* _What you will do_: Once the pictures are set aside, copy the data below exactly as it stands.

* _Dataset extract_:
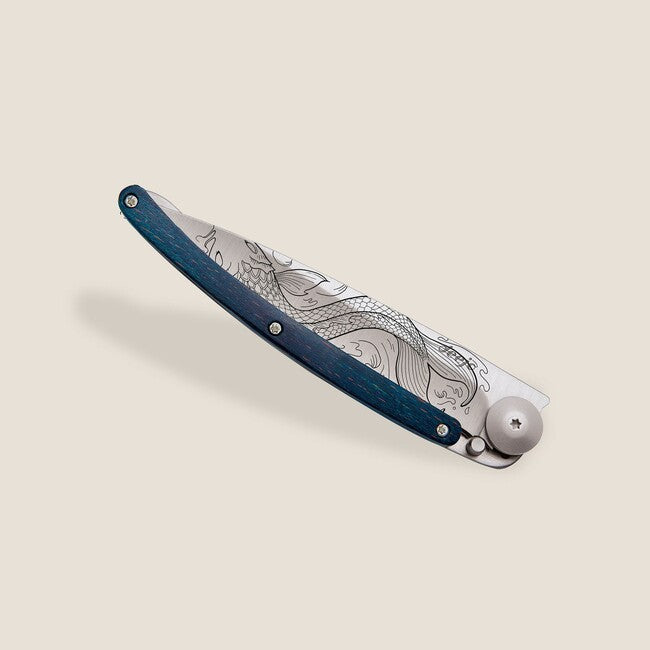 Deejo Tattoo coltello di chiusura faggio Fish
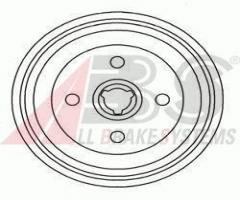 A.b.s. 2328-s bęben hamulcowy audi 80 86-91, audi 80 (81, 85, b2)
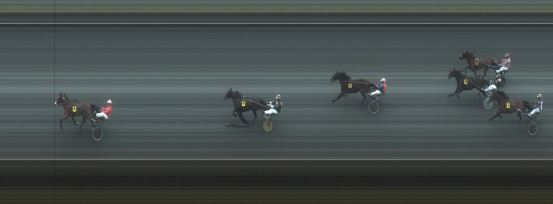 Målfoto for løp 1 på bane BT den 15.01.2025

* _Result below_:
 Deejo Tattoo coltello di chiusura faggio Fish
 A.b.s. 2328-s bęben hamulcowy audi 80 86-91, audi 80 (81, 85, b2)
 Målfoto for løp 1 på bane BT den 15.01.2025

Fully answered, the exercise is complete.